> [BRIEF]:
From the first line to the last, output the data exactly as it stands, minus its pictures.

********************

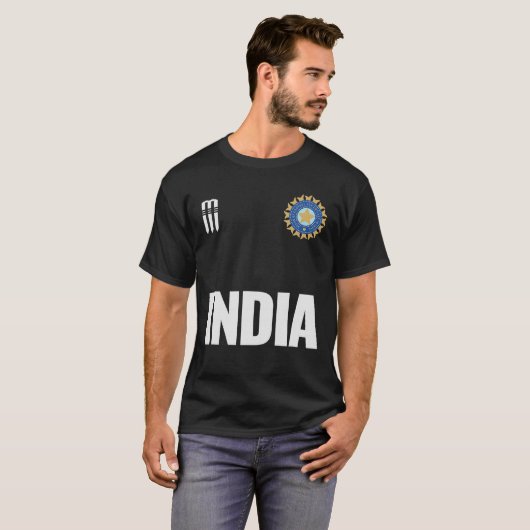 インディアクリケットナショナルファンチームジャージーギフトインディアン Tシャツ (正面フル)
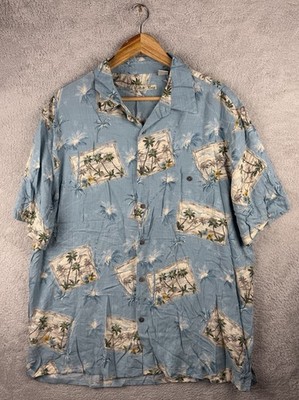 Batik Bay Hawaiihemd Herren XL Blau Rayon Tropical Camp Aloha 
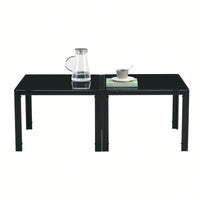 Coffee Table Set Of 2, Square Modern Table With Tempered Glass Finish For Living Room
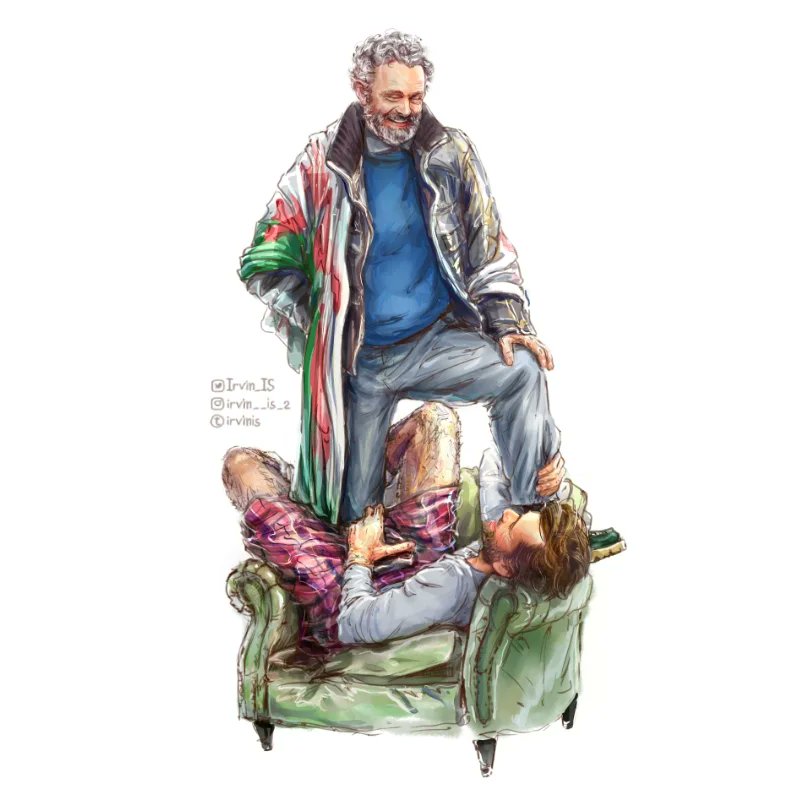 The Prince of Wales and the King of Scots. Based on (among other things) the recent photo shoots of M and D, "O.G. Prince of Wales"; "And he looks good in a kilt as well, doesn't he?"  #michaelsheen #davidtennant #inaffablehusbands #sheenant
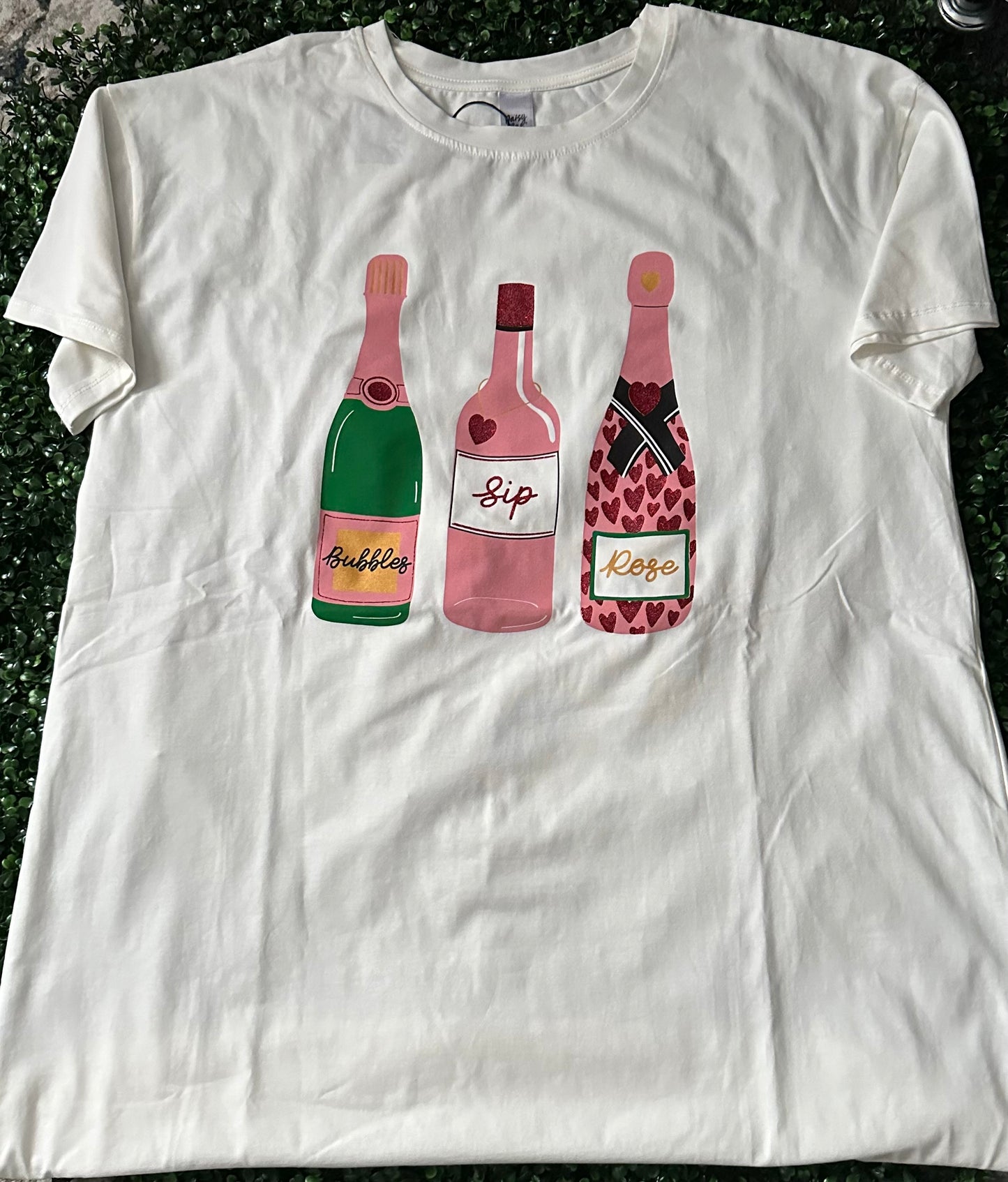 BUBBLES,SIP,ROSE ON WHITE T-SHIRT DRESS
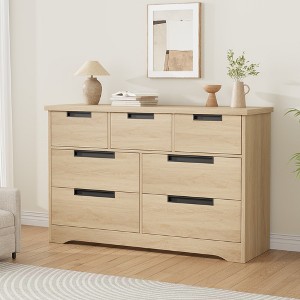 7 Drawer Dresser for Bedroom, Natural Modern Double Dresser Organizer with Embedded Handles Design, Wooden Chest of Drawers for Living Room, Hallway - 1 of 4
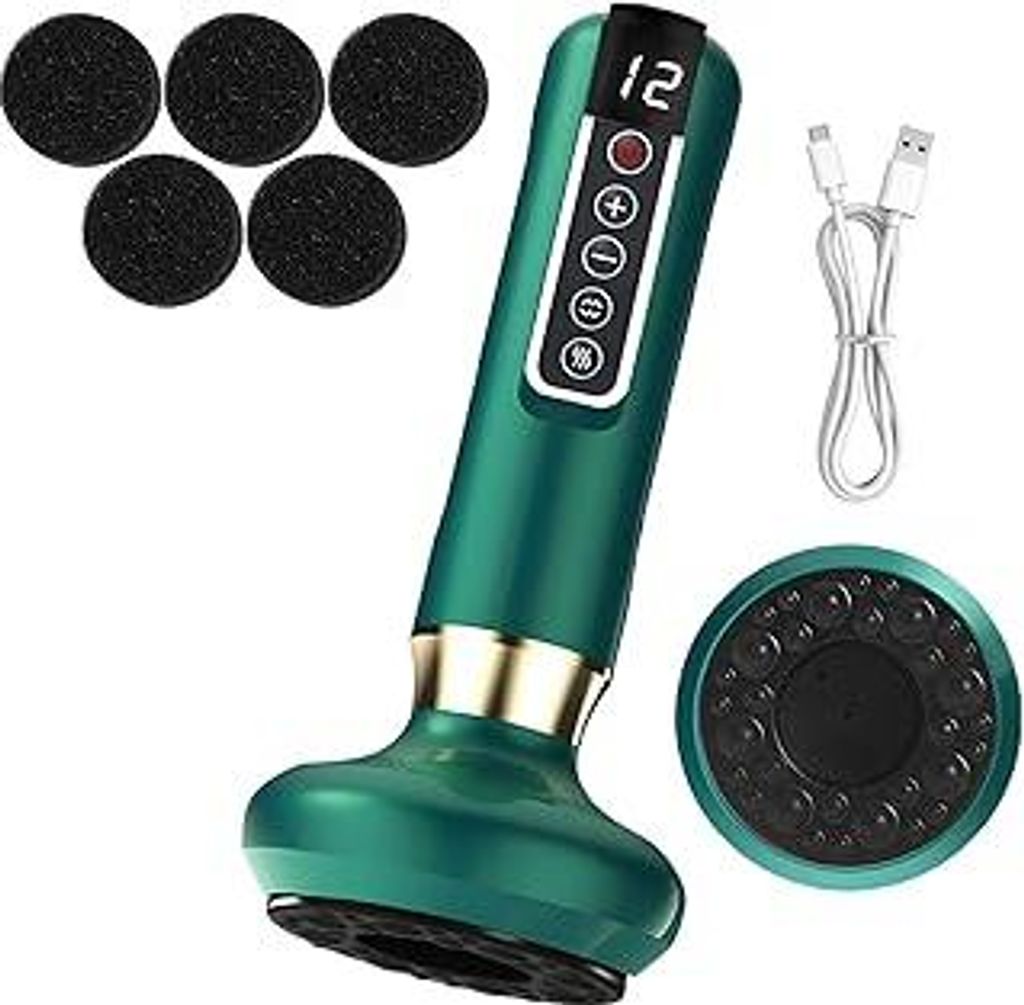 Aischens Elektrische Schröpfmassagegerät,Anti-Cellulite Massagegerät für Beine/Bauch/Hände,Anticellulite Gerät, Lymphdrainageapparat mit 12 P...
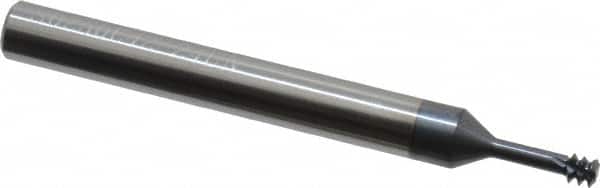 Carmex - #10-24, #12-24 UNC, 0.138" Cutting Diam, 3 Flute, Solid Carbide Helical Flute Thread Mill - Internal Thread, 0.42" LOC, 2-1/2" OAL, 1/4" Shank Diam - Exact Tooling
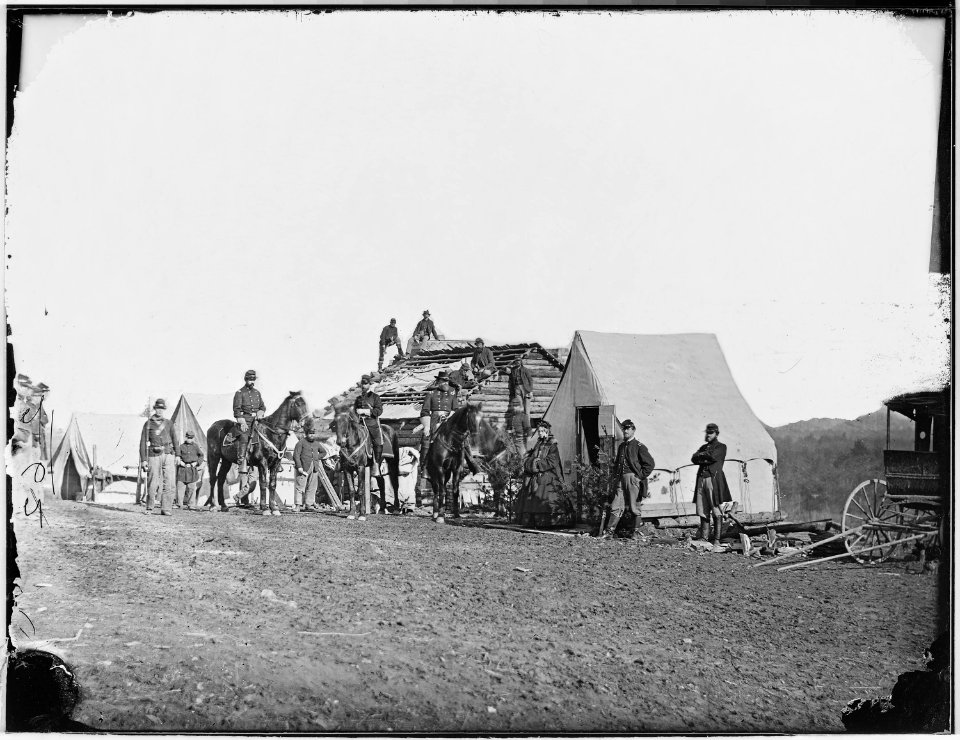 Building winter quarters - NARA - 524681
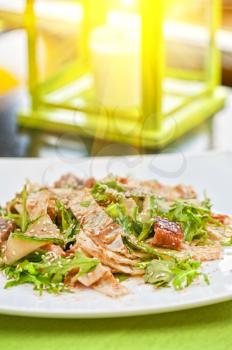 Salad with smoked eel. Japanese food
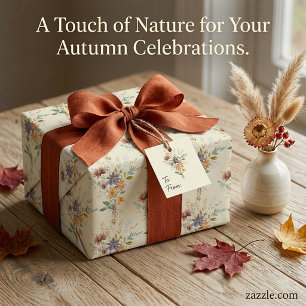 Autumn wildflowers pattern wrapping paper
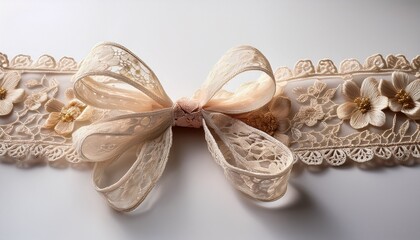 delicate lace ribbon featuring intricate floral pattern rendering vintage elegance against white background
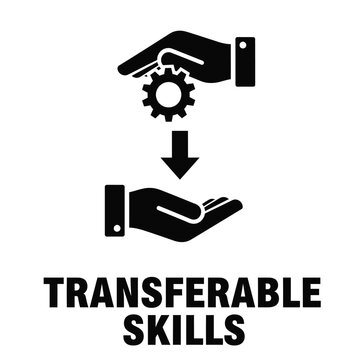 A graphic depicts a hand releasing gears into another awaiting hand symbolizing the concept of transferable skills high quality professional detailed modern elegant stylish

********************

> [SOLUTION FOR THIS EXERCISE]:
 インディアクリケットナショナルファンチームジャージーギフトインディアン Tシャツ (正面フル)
 Batik Bay Hawaiihemd Herren XL Blau Rayon Tropical Camp Aloha 
 Coffee Table Set Of 2, Square Modern Table With Tempered Glass Finish For Living Room
 The Prince of Wales and the King of Scots. Based on (among other things) the recent photo shoots of M and D, "O.G. Prince of Wales"; "And he looks good in a kilt as well, doesn't he?"  #michaelsheen #davidtennant #inaffablehusbands #sheenant
 BUBBLES,SIP,ROSE ON WHITE T-SHIRT DRESS
 7 Drawer Dresser for Bedroom, Natural Modern Double Dresser Organizer with Embedded Handles Design, Wooden Chest of Drawers for Living Room, Hallway - 1 of 4
 Aischens Elektrische Schröpfmassagegerät,Anti-Cellulite Massagegerät für Beine/Bauch/Hände,Anticellulite Gerät, Lymphdrainageapparat mit 12 P...
 Carmex - #10-24, #12-24 UNC, 0.138" Cutting Diam, 3 Flute, Solid Carbide Helical Flute Thread Mill - Internal Thread, 0.42" LOC, 2-1/2" OAL, 1/4" Shank Diam - Exact Tooling
 Building winter quarters - NARA - 524681
 Salad with smoked eel. Japanese food
 Autumn wildflowers pattern wrapping paper
 delicate lace ribbon featuring intricate floral pattern rendering vintage elegance against white background
 A graphic depicts a hand releasing gears into another awaiting hand symbolizing the concept of transferable skills high quality professional detailed modern elegant stylish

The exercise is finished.